The two tables look identical but are created differently.
new_table
builds a table directly from column type specifications and raw data.empty_table
builds an empty table with no columns and a specified number of rows. The Deephaven Query Language (DQL) can add new columns programmatically.
Ticking tables
You can create ticking tables to get a feel for live data in Deephaven. The time_table
method works similarly to empty_table
in that DQL is used to populate the table with more data. It creates a table with just a Timestamp
column. The resultant table ticks at a regular interval specified by the input argument.
from deephaven import time_table
ticking_table = time_table("PT1s")
The PT1s
argument is an ISO-8641 formatted duration string that indicates the table will tick once every second.
New ticking tables can be derived from existing ones using DQL, just as in the static case.
new_ticking_table = ticking_table.update_view(
"TimestampPlusOneSecond = Timestamp + 'PT1s'"
)
This exemplifies Deephaven's use of the Directed Acyclic Graph (DAG). The table ticking_table
is a root node in the DAG, and new_ticking_table
is a downstream node. Because the source table is ticking, the new table is also ticking. Every update to ticking_table
propagates down the DAG to new_ticking_table
, and the compute-on-deltas model ensures that only the updated rows are re-evaluated with each update cycle.
Ingesting static data
Deephaven supports reading from various common file formats like CSV, Parquet, and Arrow. The following code block reads CSV data from a URL directly into a table.
from deephaven import read_csv
crypto = read_csv(
"https://media.githubusercontent.com/media/deephaven/examples/main/CryptoCurrencyHistory/CSV/FakeCryptoTrades_20230209.csv"
)
- crypto
If you're running Deephaven in a Docker container, reading your own files requires that you mount the local directory containing the files to a volume in the Docker container, which you can learn more about in the guide on Docker data volumes.
Real-world ticking data
Real-time data is Deephaven's mission statement. One of the easiest ways to work with realistic ticking data is by using the TableReplayer
to replay the static data. Use it to replay the data ingested above:
from deephaven.replay import TableReplayer
replayer = TableReplayer("2023-02-09T12:09:18 ET", "2023-02-09T12:58:09 ET")

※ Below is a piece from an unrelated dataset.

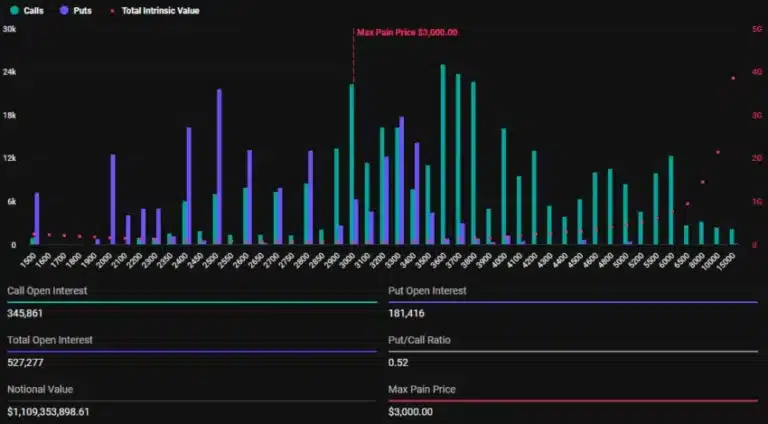 Gráfico de opções de Ethereum mostrando 34.302 chamadas e 24.332 puts com preço máximo de dor em US$ 96.000.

replayed_crypto = replayer.add_table(
crypto.sort("Timestamp"), "Timestamp"
).sort_descending("Timestamp")
replayer.start()
Most real-world use cases for ticking data involve connecting to data streams that are constantly being updated. For this, Deephaven's Apache Kafka integration is first-in-class, and almost any imaginable real-time streaming source can be wrangled with the TablePublisher
. That said, setting up the pipelines for Kafka streams or other real-time data sources can be very complex, and is outside the scope of this guide.